Pharmacotherapy of Thrombocytopenia (Pharmacy / Medical Policy - 5.01.566)
Coverage and medical necessity criteria for pharmacologic treatments of thrombocytopenia (including ITP, severe aplastic anemia, hepatitis C–associated thrombocytopenia, chemotherapy‑induced thrombocytopenia, and prophylaxis for procedures) and which drugs require prior approval. Affects providers prescribing or requesting coverage for listed agents.

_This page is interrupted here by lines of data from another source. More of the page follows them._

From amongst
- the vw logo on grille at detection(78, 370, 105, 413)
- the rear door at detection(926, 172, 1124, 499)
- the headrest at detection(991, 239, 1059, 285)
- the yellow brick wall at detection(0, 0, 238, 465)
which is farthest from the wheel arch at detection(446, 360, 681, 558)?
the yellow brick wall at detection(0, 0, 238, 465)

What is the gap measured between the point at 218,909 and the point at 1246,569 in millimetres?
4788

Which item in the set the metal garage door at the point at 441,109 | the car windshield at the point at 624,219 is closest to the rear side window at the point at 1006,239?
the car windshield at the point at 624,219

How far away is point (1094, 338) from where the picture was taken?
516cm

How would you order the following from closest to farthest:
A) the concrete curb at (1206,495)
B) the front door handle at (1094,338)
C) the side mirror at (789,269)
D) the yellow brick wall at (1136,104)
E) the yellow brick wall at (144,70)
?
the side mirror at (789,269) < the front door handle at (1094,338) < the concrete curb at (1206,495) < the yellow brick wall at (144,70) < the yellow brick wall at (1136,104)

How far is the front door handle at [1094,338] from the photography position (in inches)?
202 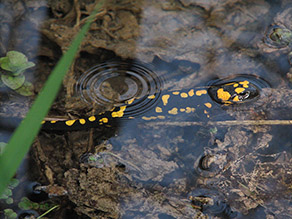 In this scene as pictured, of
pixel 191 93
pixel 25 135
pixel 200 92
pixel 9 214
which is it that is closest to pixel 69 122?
pixel 9 214

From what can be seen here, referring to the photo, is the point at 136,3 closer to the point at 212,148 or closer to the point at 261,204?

Revised criteria after insufficient response to corticosteroids to require the individual has had an insufficient response to an immune globulin (IVIg), rituximab, or splenectomy.
Added coverage criteria for Alvaiz (eltrombopag choline).
Added coverage criteria for Adzynma (ADAMTS13, recombinant-krhn) for treatment of certain individuals with congenital thrombotic thrombocytopenic purpura (cTTP).
Added coverage criteria for Doptelet Sprinkle (avatrombopag) oral granules for pediatric patients 1 year to <6 years and expanded tablet indication to pediatric patients 6 years and older.
Added coverage criteria for WinRho SDF for treatment of ITP in Rho(D) positive, nonsplenectomized children and adults and for suppression of Rh isoimmunization in certain pregnancies.
Updated initial authorization and re-authorization length of approval to 12 months unless noted otherwise for specific drugs under the medical necessity criteria.
Updated quantity limits for Alvaiz (eltrombopag choline), generic eltrombopag olamine, and Promacta (eltrombopag olamine) to add specific per 30 day limits (Alvaiz limited to 60 tablets per 30 days).